For $7000 with tax, MTS, and 12 kWh battery, it could save about $3/day and have about a 7 year ROI and sooner with rate increases.

Anyone have experience with this brand's performance and ease of install? I'm pretty comfortable working in my panel and have done so many times.

I do not but have been looking at one myself rather than a Generac or equivalent generator. Let me know if you end up going with one!

Right now for DIY options like this it seems to just be between the Anker Solix and EcoFlow Delta series but this pre-order sale event from Anker gives 12 kWh versus EcoFlow’s 6 kWh system so they’re not quite in the same league right now. So far research wise I’ve just been watching YouTube reviews and it seems easy enough to setup.

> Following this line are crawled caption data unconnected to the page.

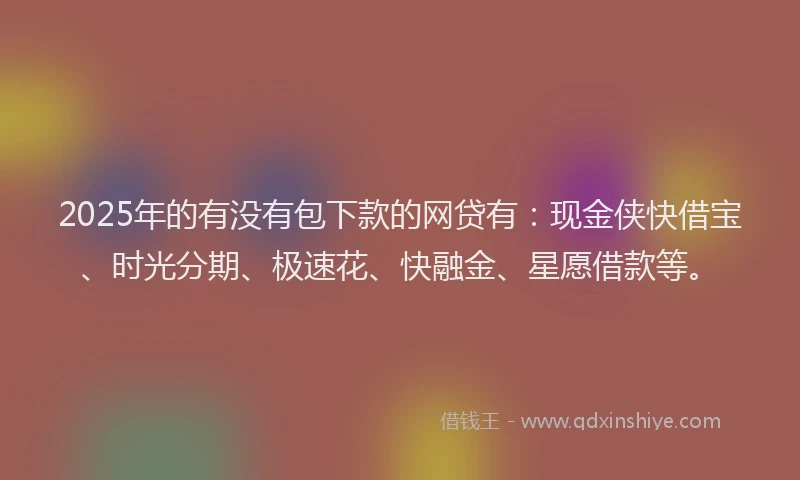 2025年的有没有包下款的网贷有：现金侠快借宝、时光分期、极速花、快融金、星愿借款等。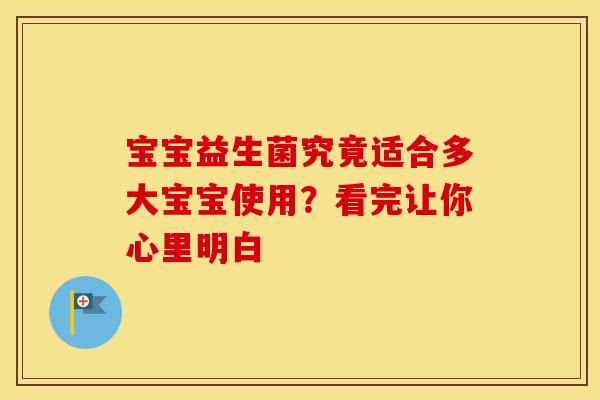 宝宝益生菌究竟适合多大宝宝使用？看完让你心里明白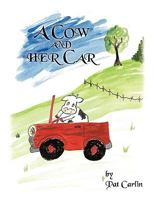 A Cow and Her Car 1426927886 Book Cover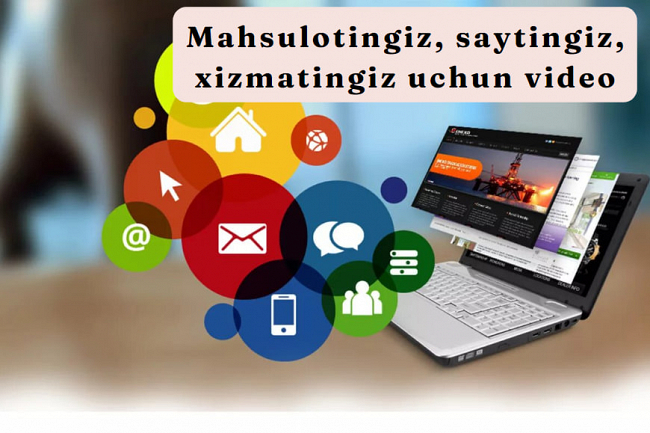 Mahsulotingiz, saytingiz, xizmatingiz uchun video yozib olaman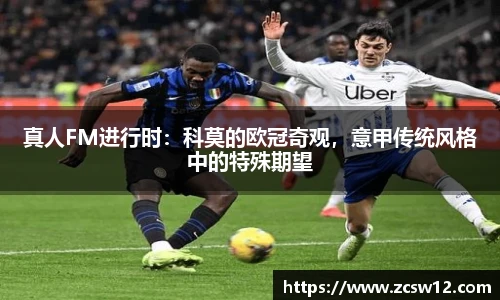 真人FM进行时：科莫的欧冠奇观，意甲传统风格中的特殊期望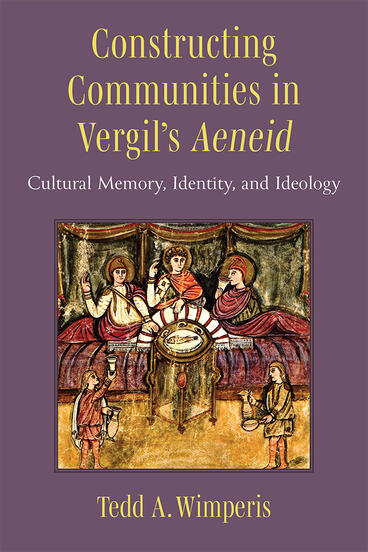 Cover of Constructing Communities in Vergil's Aeneid - Cultural Memory, Identity, and Ideology
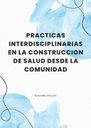 PRACTICAS INTERDISCIPLINARIAS EN LA CONSTRUCCION DE SALUD DESDE LA COMUNIDAD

Anyway, if I do manage to get permission from my wife and set one up I’ll definitely let you know!

Excellent! there were some really good deals during Black Friday this year on Solix options. Almost went with one. Maybe this year.

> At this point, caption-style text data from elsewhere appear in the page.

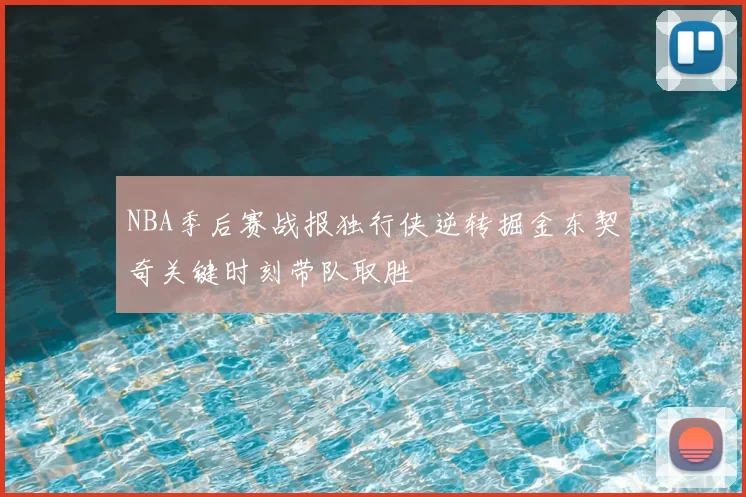 NBA季后赛战报独行侠逆转掘金东契奇关键时刻带队取胜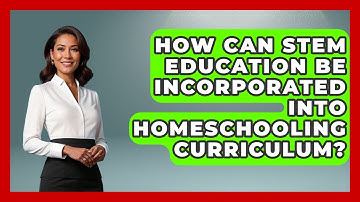 How Can STEM Education Be Incorporated Into Homeschooling Curriculum? | Homeschool Parent Academy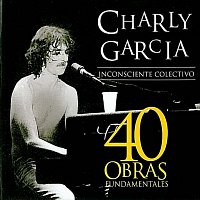 Charly García – Cuarenta Obras Fundamentales [Volumen 1]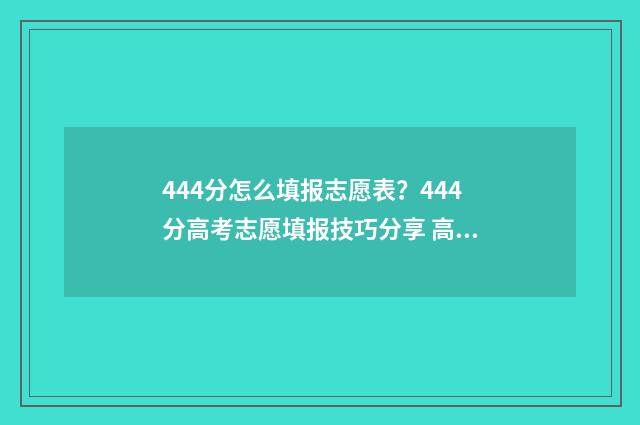 444分怎么填报志愿表？444分高考志愿填报技巧分享 高考440怎么填志愿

I am curious on what specific Anker ESS option you all are considering. While the A17E1-# and X1-P6K-B#-US are listed to UL9540, only the later one is listed as a PCS under the deprecated UL3141 standard. This means that the X1-P6K-B#-US can only either do Import Only / Export Only mode and may impact the use case that you seek.

Thanks for the reply! I decided against the pre-order but they’re still on sale fortunately. It just wasn’t the right time financially yet lol.

I’m indeed looking at the later model (E10 A17E1 power module with 2x BESS modules) that’s spec’d to UL 9540 with the Smart Inlet box (AS211). As I understand it, it would connect to a 40A input breaker and a 50A interlocked output breaker in my panel. The input breaker can run in either direction during normal conditions performing the primary function of peak shifting. In the event of a power outage, all breakers are opened in the panel, the interlock changed over to the 50A backup supply, and critical circuits are switched online. The battery has solar DC inputs and generator AC inputs to keep charge up.

Let me know if I have this wrong! That would be very helpful to know.